Ben Shneiderman, a professor at the University of Maryland’s Human-Computer Interaction Lab and author of Leonardo’s Laptop, gave a talk at Ryerson University yesterday and at the University of Toronto today, on two different topics:
At Ryerson he talked about creativity support tools. I was a bit frustrated by his approach to the topic: the creativity segment of the talk was inconclusive, and although Shneiderman stressed the importance of careful empirical case studies to evaluate tools (with which I fully agree), he never really described them nor the way his team addressed the challenges of doing good empirical work in the area.
The talk at the University of Toronto, on visualization of high dimensional information (which I talked about last week) was more satisfying. The visualization tools Shneiderman presented (mostly the same ones as in Ryerson, but with more time -or so I felt) are really, really appealing – very polished in comparison to most academic prototypes. I’ll cover them in future posts, but if you want a glimpse, you can check the already famous Treemaps (with applications in the stock market) and the Hierarchical Clustering Explorer, which is way more impressive than this link suggests.

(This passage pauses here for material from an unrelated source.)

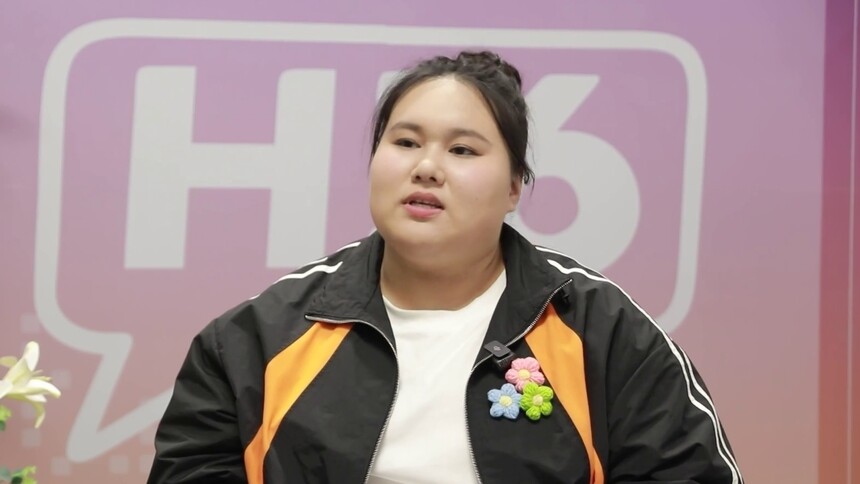 奥运冠军李雯雯的坚韧与梦想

The demos were fun, but since they took most of the talk’s time there was not a lot of room to discuss the principles behind them. Shneiderman didn’t really explain the theory that supports the tools, the criteria used to evaluate their effectiveness, nor the limits of these approaches. I actually got the feeling that the tools were built at least partially on a hunch, not on an information visualization theory, and that there isn’t an articulated theory behind some of them, but I might be wrong. I’ll expand on this when I learn more.
Wouldn’t you agree that all academic research starts with a hunch, and then being justified after-the-fact with a theory and/or empirical evident?
🙂
It’s perfectly OK for academic research to start with a hunch –what’s wrong is to *stop* there!